À cet égard, nous appelons le CPS de l’UA à :
– mettre fin à la violence et renforcer les efforts de maintien de la paix : les gouvernements de la RDC et du Rwanda, ainsi que le M23 et les autres groupes armés, dont les FDLR, doivent immédiatement cesser les hostilités et s’engager à dialoguer - les forces de maintien de la paix existantes doivent être dotées de ressources suffisantes et d’un mandat clair pour protéger les civil·es, sécuriser les couloirs humanitaires et protéger les défenseurs des droits humains ;
– protéger et soutenir les défenseur·es des droits humains et la société civile : les défenseur·es des droits humains et les organisations de la société civile jouent un rôle essentiel dans les efforts de consolidation de la paix et pour établir les responsabilités ; l’UA doit veiller à leur protection et à leur pleine participation à toutes les étapes de la résolution des conflits et après les conflits ; des mécanismes sûrs doivent être mis en place pour les aider à documenter les violations et à plaider en faveur de la justice, de la vérité et des réparations pour les victimes ; la société civile doit être activement impliquée dans les efforts de médiation et de reconstruction afin de garantir une paix durable ;
– veiller à ce que les auteurs de violations des droits humains et du droit humanitaire international rendent compte de leurs actes : lorsque la mission d’établissement des faits de l’UA est mise en place et qu’elle constate que des violations ont été commises, veiller à ce que les responsabilités soient établies, notamment en ce qui concerne les violences sexuelles et sexistes, dans le cadre des mécanismes de l’UA en matière de droits humains et de responsabilité qui permettent une participation significative des victimes et des survivant·es et un engagement avec la société civile, afin que les auteur·es répondent de leurs actes ;
– faciliter l’aide humanitaire et le passage en toute sécurité des civil·es : les couloirs humanitaires doivent être sécurisés pour permettre à l’aide d’atteindre les populations touchées et de faire en sorte que les civil·es puissent fuir la violence en toute sécurité ; l’UA devrait collaborer avec les organisations humanitaires pour éliminer les obstacles qui empêchent l’acheminement d’une aide essentielle ;
– protéger et autonomiser les femmes : des mesures de protection spécifiques pour les femmes et les filles doivent être mises en œuvre, notamment des zones sûres, l’accès aux soins de santé et un soutien psychosocial pour les survivant·es de la violence sexuelle et sexiste ; les femmes doivent être associées aux négociations de paix, à la résolution des conflits et à la phase post-conflit afin que leur voix soit représentée dans la prise de décision.

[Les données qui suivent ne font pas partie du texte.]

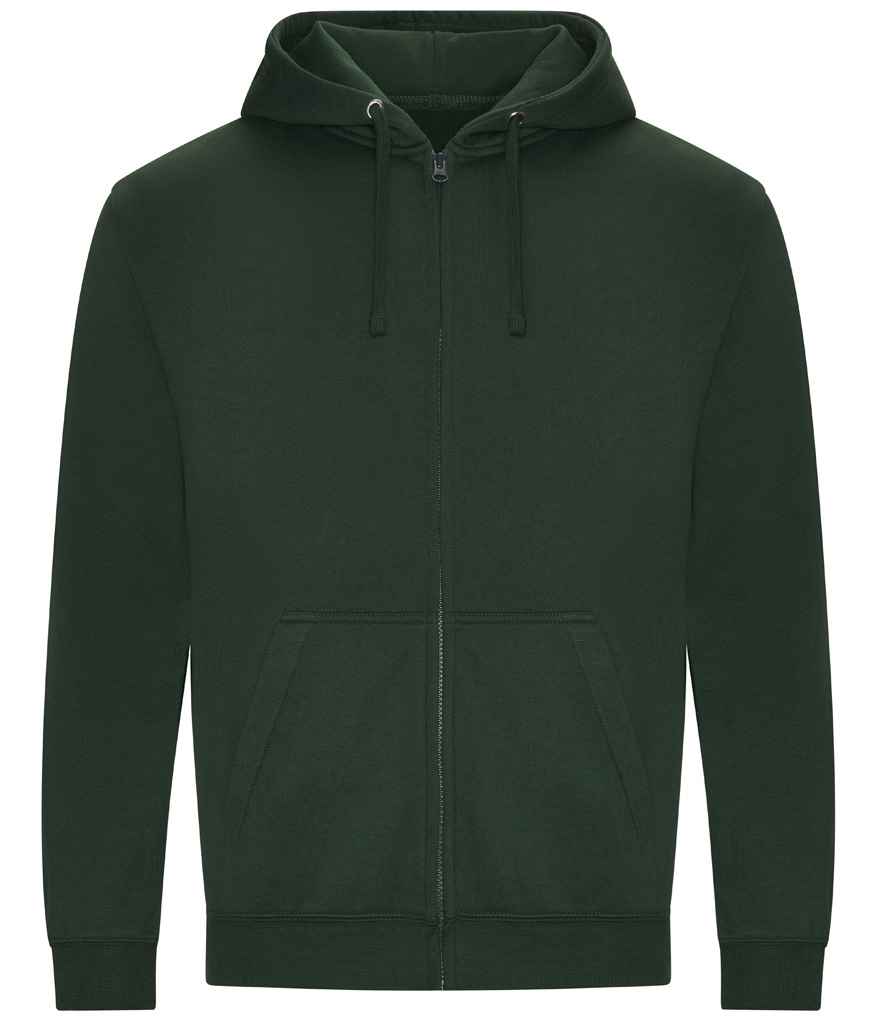 Tee Jays Power Organic Hoodie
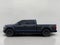 2026 Ford F-150 LARIAT 4WD SuperCrew 6.5' Box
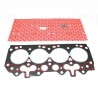 Head gasket 1 hole 1.4mm - 200 & 300 TDi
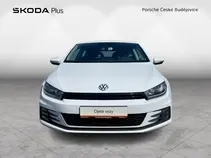 Scirocco 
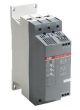 ABB 1SFA896113R7000 Softstart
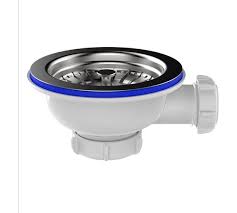 Выпуск 3 1/2 с выходом на перелив Aquant (NV250-40-MR) 40005 40786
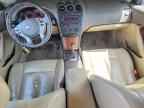 2008 NISSAN ALTIMA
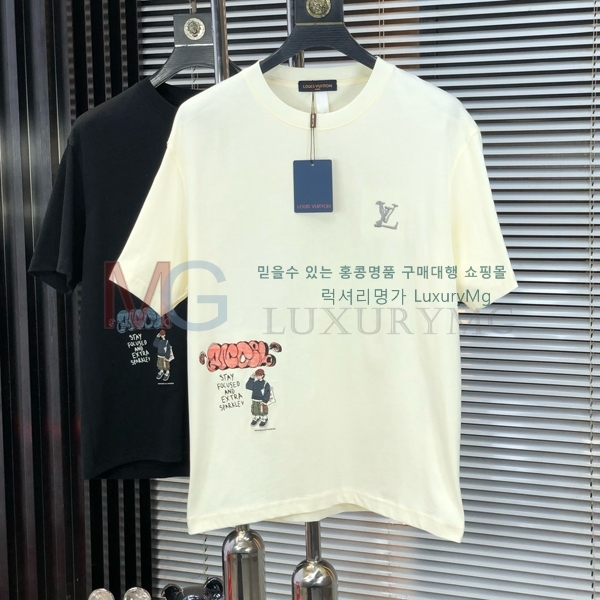  ̺  Ƽ LV894655-5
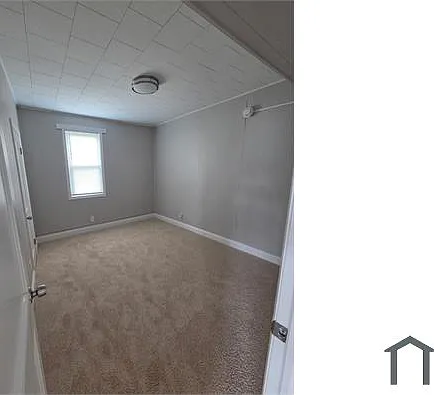 1718 Middleborough Rd — Photo 14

Bien que nous reconnaissions les efforts déployés par l’UA et ses partenaires jusqu’à présent, il est clair que l’ampleur de la crise exige des mesures immédiates et plus globales. Nous soumettons respectueusement notre appel le plus ferme à une action urgente et attendons sincèrement votre réponse décisive.
Nous vous prions d’agréer, Excellences, l’expression de nos salutations distinguées.